What the task requires:
Find the lines below that contain the string "Image", count them, and give only the number.

Data records
* * * *

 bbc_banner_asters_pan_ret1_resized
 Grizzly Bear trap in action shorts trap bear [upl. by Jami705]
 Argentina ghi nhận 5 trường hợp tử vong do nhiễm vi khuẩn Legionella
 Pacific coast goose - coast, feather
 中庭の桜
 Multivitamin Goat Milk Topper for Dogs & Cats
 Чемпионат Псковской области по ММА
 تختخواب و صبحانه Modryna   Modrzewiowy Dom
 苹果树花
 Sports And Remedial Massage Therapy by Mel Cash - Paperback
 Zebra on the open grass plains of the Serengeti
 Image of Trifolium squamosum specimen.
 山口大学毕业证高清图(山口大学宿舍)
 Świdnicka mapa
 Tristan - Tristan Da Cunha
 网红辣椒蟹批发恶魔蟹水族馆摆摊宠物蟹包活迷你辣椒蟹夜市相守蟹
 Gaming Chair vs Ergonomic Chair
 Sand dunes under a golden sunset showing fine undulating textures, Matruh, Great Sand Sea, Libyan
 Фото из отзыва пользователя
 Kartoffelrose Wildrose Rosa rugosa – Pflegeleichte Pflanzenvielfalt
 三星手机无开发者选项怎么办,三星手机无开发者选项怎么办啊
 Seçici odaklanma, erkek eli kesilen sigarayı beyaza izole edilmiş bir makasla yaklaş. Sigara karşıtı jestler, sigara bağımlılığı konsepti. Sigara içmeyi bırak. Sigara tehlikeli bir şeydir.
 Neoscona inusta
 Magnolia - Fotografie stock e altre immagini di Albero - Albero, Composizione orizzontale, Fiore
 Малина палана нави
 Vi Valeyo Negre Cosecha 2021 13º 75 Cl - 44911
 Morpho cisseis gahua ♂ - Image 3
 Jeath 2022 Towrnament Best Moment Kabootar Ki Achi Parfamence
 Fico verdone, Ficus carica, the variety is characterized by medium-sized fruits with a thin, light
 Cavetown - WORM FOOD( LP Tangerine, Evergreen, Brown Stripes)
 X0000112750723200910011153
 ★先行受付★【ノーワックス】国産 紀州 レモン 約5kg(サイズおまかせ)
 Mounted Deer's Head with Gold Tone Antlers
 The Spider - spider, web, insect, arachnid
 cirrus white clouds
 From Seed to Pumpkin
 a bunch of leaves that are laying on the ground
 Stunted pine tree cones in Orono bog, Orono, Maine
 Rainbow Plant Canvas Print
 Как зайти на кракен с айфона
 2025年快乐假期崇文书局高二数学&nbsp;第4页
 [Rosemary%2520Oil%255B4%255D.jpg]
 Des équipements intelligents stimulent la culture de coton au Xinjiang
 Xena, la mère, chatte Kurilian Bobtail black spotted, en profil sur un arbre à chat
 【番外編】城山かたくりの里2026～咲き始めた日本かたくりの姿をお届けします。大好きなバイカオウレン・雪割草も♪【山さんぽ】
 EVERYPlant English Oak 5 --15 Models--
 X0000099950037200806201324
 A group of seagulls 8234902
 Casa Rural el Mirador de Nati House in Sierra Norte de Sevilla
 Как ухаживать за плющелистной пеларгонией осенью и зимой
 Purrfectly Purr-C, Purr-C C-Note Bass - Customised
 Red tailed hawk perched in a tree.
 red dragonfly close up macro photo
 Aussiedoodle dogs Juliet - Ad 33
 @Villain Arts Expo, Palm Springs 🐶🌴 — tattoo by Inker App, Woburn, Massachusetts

* * * *

Output of the task:
2